Search code examples
javaapache-kafkaapache-kafka-streamsspring-cloud-stream-binder-kafka

How to wait for future inside Kafka Stream map()?


I am implementing Spring Boot application in Java, using Spring Cloud Stream with Kafka Streams binder.

I need to implement blocking operation inside of KStream map method like so:

public Consumer<KStream<?, ?>> sink() {
    return input -> input
        .mapValues(value -> methodReturningCompletableFuture(value).get())
        .foreach((key, value) -> otherMethod(key, value));
}

completableFuture.get() throws exceptions (InterruptedException, ExecutionException)

How to handle these exceptions so that the chained method doesn't get executed and the Kafka message is not acknowledged? I cannot afford message loss, sending it to a dead letter topic is not an option.

Is there a better way of blocking inside map()?


Solution

  • You can try the branching feature in Kafka Streams to control the execution of the chained methods. For example, here is a pseudo-code that you can try. You can possibly use this as a starting point and adapt this to your particular use case.

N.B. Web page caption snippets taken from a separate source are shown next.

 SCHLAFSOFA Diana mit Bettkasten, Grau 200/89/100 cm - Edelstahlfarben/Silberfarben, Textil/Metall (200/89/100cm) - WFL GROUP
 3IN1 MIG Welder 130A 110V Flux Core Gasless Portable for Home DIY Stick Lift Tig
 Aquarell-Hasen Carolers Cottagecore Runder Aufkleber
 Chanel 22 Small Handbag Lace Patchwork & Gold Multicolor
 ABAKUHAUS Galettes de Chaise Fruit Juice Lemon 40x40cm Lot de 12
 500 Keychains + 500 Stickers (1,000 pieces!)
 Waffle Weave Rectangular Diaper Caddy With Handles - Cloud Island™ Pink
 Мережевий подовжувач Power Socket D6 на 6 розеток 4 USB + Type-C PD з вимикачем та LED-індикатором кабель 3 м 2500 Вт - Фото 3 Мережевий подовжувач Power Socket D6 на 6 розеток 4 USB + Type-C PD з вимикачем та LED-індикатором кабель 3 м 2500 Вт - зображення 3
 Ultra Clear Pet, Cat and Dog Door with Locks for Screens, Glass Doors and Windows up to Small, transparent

    final Map<String, ? extends KStream<?, String>> branches = 
    input.split()
         .branch(k, v) -> {
            try {
              methodReturningCompletableFuture(value).get();
              return true;
            }
            catch (Exception e) {
              return false;
            }
          }, Branched.as("good-records"))
          .defaultBranch();
    
    final KStream<?, String> kStream = branches.get("good-records");
    
     kStream.foreach((key, value) -> otherMethod(key, value));
    

    The idea here is that you will only send the records that didn't throw an exception to the named branch good-records, everything else goes into a default branch which we simply ignore in this pseudo-code. Then you invoke additional chained methods (as this foreach call shows) only for those "good" records.

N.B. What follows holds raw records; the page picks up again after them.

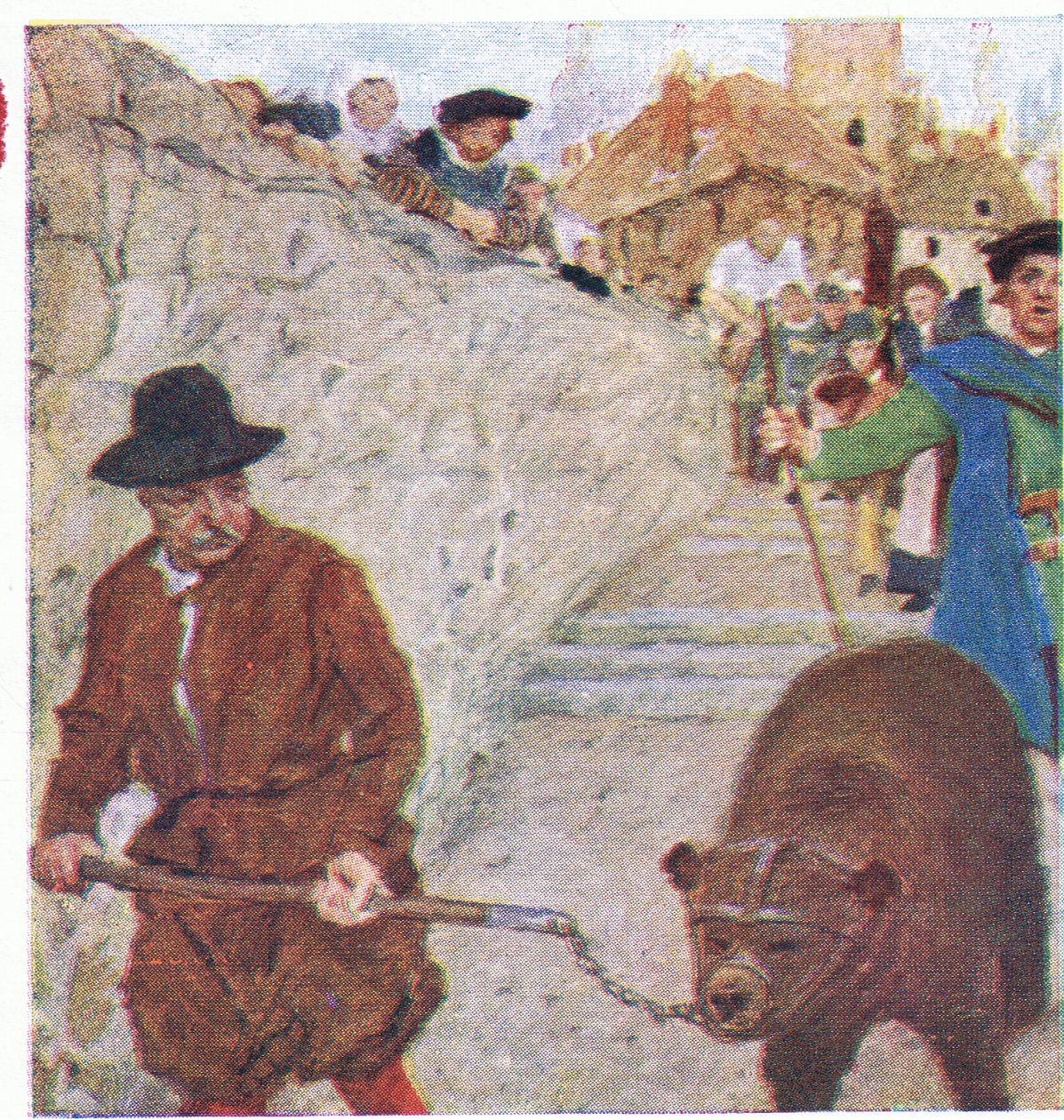 Shakespeare egy medvét néz, aki a bankside-i Medvekert felé tart, a My Magazine-ból, 1922. alkotó: William Hatherell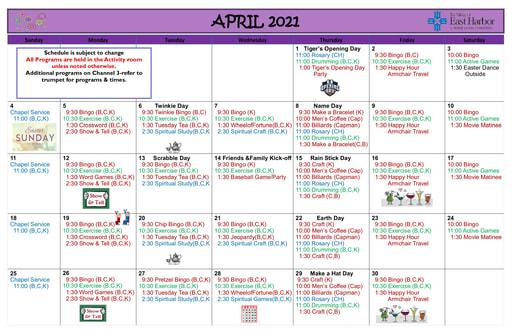 4/2021 East Harbor Calendar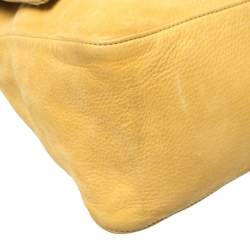 Pre Owned Fendi Yellow Iridescent Leather Large Mamma Forever Flap Shoulder Bag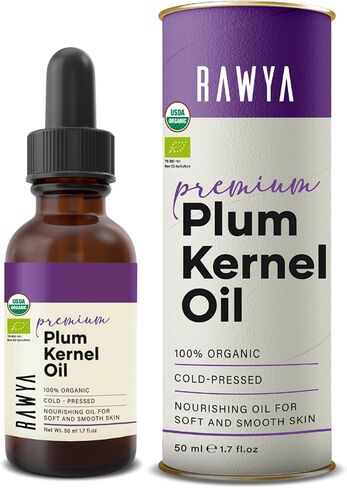 زيت البرقوق، عضوي من وزارة الزراعة الأمريكية، بذور البرقوق، معصور على البارد، غير معدّل وراثيًا، زجاجة زجاجية، 1.7 أونصة، رائع للعلاج العطري، نواة البرقوق، مرطب، نباتي، كوشير in Kuwait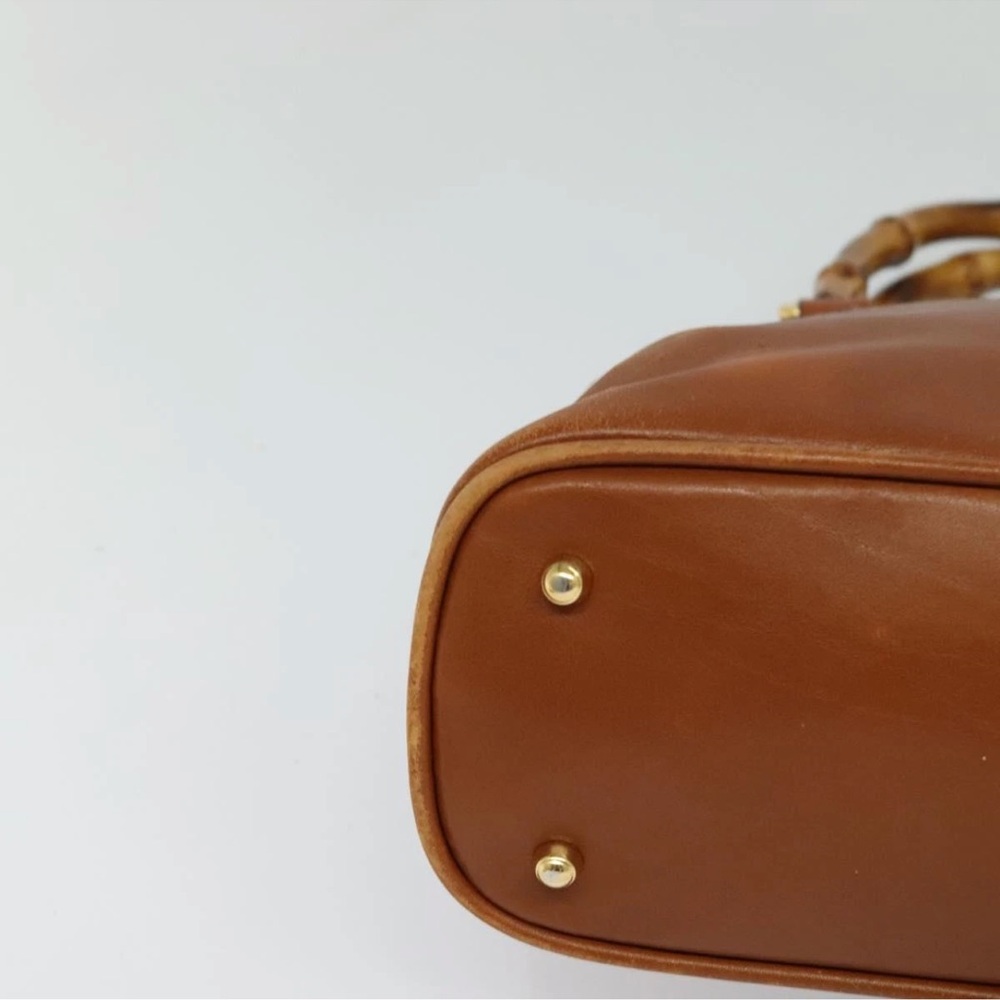 Gucci Vintage Bamboo Handle Top Zip Bag – Brown Caramel Leather, Crossbody Strap - Picture 8 of 13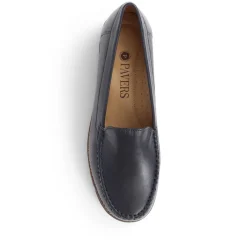 Casual Leather Loafers - Navy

    This does not solve the problem of not acknowledging the message after an exception is thrown. That seems to be a bit challenging. However, I am curious about that use case. When an exception happens and you handle it, why don't you want to ack the message? The requirements seem to be a bit rigid without using a DLT. The ideal solution here is that you might want to introduce some retries and once exhausted from the retries, send the record to a DLT which makes Kafka Streams consumer acknowledges the message. Then the application moves on to the next offset.

    The call methodReturningCompletableFuture(value).get() simply waits until a default or configured timeout is reached, assuming that methodReturningCompletableFuture() returns a Future object. Therefore, that is already a good approach to wait inside the KStream map operation. I don't think anything else is necessary to make it wait further.